┌──

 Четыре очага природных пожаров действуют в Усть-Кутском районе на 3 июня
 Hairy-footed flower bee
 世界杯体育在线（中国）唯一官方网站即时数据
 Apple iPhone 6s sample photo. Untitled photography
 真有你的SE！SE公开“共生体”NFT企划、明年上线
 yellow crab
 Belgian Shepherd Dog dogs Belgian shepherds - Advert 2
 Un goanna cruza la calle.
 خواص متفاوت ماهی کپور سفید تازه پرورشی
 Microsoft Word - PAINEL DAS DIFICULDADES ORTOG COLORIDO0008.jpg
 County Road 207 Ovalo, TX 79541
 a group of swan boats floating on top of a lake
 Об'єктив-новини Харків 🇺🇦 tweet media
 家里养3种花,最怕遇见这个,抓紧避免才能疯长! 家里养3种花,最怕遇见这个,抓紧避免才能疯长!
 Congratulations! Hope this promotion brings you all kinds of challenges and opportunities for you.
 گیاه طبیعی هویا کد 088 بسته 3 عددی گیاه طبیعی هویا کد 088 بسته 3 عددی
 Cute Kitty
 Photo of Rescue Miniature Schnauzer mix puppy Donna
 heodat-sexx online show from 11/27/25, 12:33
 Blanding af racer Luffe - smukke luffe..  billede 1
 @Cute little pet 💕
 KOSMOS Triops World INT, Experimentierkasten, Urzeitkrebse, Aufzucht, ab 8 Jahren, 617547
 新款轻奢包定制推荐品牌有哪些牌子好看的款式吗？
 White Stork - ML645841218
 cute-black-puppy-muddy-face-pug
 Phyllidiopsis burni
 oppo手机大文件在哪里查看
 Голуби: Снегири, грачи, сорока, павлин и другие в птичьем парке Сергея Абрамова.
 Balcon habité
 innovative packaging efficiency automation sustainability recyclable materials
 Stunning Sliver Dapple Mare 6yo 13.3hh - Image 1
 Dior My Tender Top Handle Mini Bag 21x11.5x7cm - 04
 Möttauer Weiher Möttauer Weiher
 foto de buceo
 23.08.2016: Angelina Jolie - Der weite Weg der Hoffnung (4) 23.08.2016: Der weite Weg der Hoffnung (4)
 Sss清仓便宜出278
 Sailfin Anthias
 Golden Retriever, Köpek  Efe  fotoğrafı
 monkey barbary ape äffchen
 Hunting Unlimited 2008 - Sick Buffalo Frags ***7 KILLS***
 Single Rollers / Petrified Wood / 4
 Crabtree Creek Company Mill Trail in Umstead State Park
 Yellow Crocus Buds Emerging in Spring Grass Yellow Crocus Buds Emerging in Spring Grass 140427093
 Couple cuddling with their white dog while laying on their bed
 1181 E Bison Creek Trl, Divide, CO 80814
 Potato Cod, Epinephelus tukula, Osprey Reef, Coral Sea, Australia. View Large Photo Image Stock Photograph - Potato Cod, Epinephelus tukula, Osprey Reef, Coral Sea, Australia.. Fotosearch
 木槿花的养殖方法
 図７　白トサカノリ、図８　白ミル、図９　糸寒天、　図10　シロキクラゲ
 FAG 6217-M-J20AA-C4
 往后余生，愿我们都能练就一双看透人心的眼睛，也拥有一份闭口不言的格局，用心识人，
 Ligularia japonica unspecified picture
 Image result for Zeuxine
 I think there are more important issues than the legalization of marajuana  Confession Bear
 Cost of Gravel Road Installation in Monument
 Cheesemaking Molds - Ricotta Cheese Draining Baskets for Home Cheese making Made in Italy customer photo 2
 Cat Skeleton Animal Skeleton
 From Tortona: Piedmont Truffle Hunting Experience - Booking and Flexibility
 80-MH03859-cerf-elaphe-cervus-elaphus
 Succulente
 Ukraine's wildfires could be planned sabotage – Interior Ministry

└──

[ACTIVITY]
For each line above that contains the word "Hunting", copy that line.

[SOLUTION FOR THIS TASK]
 Hunting Unlimited 2008 - Sick Buffalo Frags ***7 KILLS***
 From Tortona: Piedmont Truffle Hunting Experience - Booking and Flexibility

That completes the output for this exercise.